Me, on Twitter, a few weeks ago:

What I was referring to is Push Pop, a system for pushing web pages from a mobile device and having them pop open in a desktop browser. Let me explain.

I often find myself discovering content on my mobile device that I want to consume when I get back to my desk. Sometimes the thing is work-related. Or designed with only desktop browsers in mind. Other times I’m in a hurry and want to return to it later.

I think of it as the opposite use case of how I use Instapaper.

Now, you may be thinking: “Just use Chrome or Safari’s tab syncing, dummy!”

Three things about that:

  1. Neither of those things existed when I first prototyped Push Pop.
  2. I use Chrome on desktop and Safari on mobile. I don’t want lock in.
  3. Tab syncing requires me to poll the browser for content. I want these things staring at me in the face when I return to my desktop.

For a long time I just emailed myself links. When I got sick of that I built Push Pop instead. It works great!

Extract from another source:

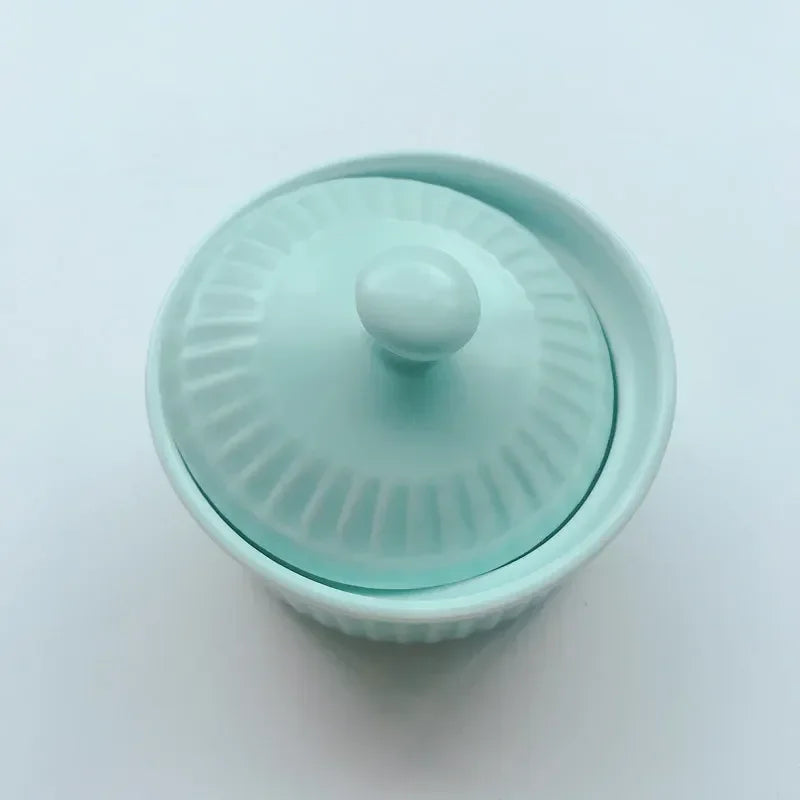New Small Ceramic Cooking Pots with Lid Home Used Steamed Egg Stew Soup Pot Cheap Oven Hotpot Casserole Thermal Cooker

Push Pop is a combination of a browser extension and a bookmarklet. The bookmarklet pushes pages up to a Heroku server which then pushes them down to the extension.

I’d really like to remove the middle man, but I couldn’t think of a way to get that done.

The only extension I created was for Chrome, but the whole thing is open source so if you want to use Push Pop with a different browser, please lend a hand.